Our driver, Avto, collected us at nine sharp, and we climbed out of Gyumri into green hills that just kept rising, all the way up toward 2,200 meters, where the road began flirting with the snow line. The wildflowers were in full force, the slopes painted in bands of red and yellow and blue, as if Armenia had decided to send us off with one last small ceremony. The border crossing, when we reached it, was the easiest one we have ever done. We were the only people there, which surely helped. Out of Armenia, into Georgia, back into the car—done.
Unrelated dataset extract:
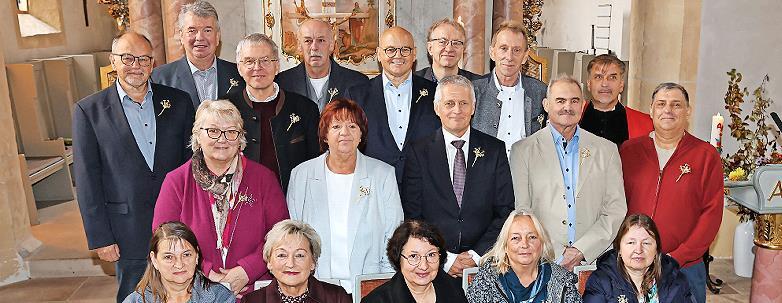 Goldene Konfirmation (1975) haben begangen (1. Reihe, von links) Christa Ramming, Elke Büchner, Jutta Aumüller, Marina Walder, Christine Scholz sowie (2. Reihe) Martina Meister, Marina Baumann, Klaus Muhr, Waldemar Gruber und Stephan Vetter sowie ... Goldene Konfirmation (1975) haben begangen (1. Reihe, von links) Christa Ramming, Elke Büchner, Jutta Aumüller, Marina Walder, Christine Scholz sowie (2. Reihe) Martina Meister, Marina Baumann, Klaus Muhr, Waldemar Gruber und Stephan Vetter sowie ...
The one genuine flaw in the whole day was the vehicle. Avto’s car was a Ford Fusion, and while we hold nothing against Ford Fusions as a category, Armenia and Georgia ask for slightly more ground clearance than a Fusion is willing to surrender. Avto jerked to avoid potholes, or went through them at a snail’s pace, and speed bumps became a genuine strategic problem, the underside of the car scraping the top of a bump if we took it any faster than a slow walk. At one point we had to pull over for poor Finlee who was terribly car sick. At others we still managed to scrape while moving at one mile per hour, the slow drag of plastic across asphalt providing the soundtrack. Maybe it was the driver. Maybe it was the car. Maybe it was that we have been eating far too many of those delicious meat and soup filled khinkali dumplings? All explanations felt equally plausible.

Low-slung car aside, the day delivered three extraordinary places, each one a different answer to the same question of what a region does with its very old bones.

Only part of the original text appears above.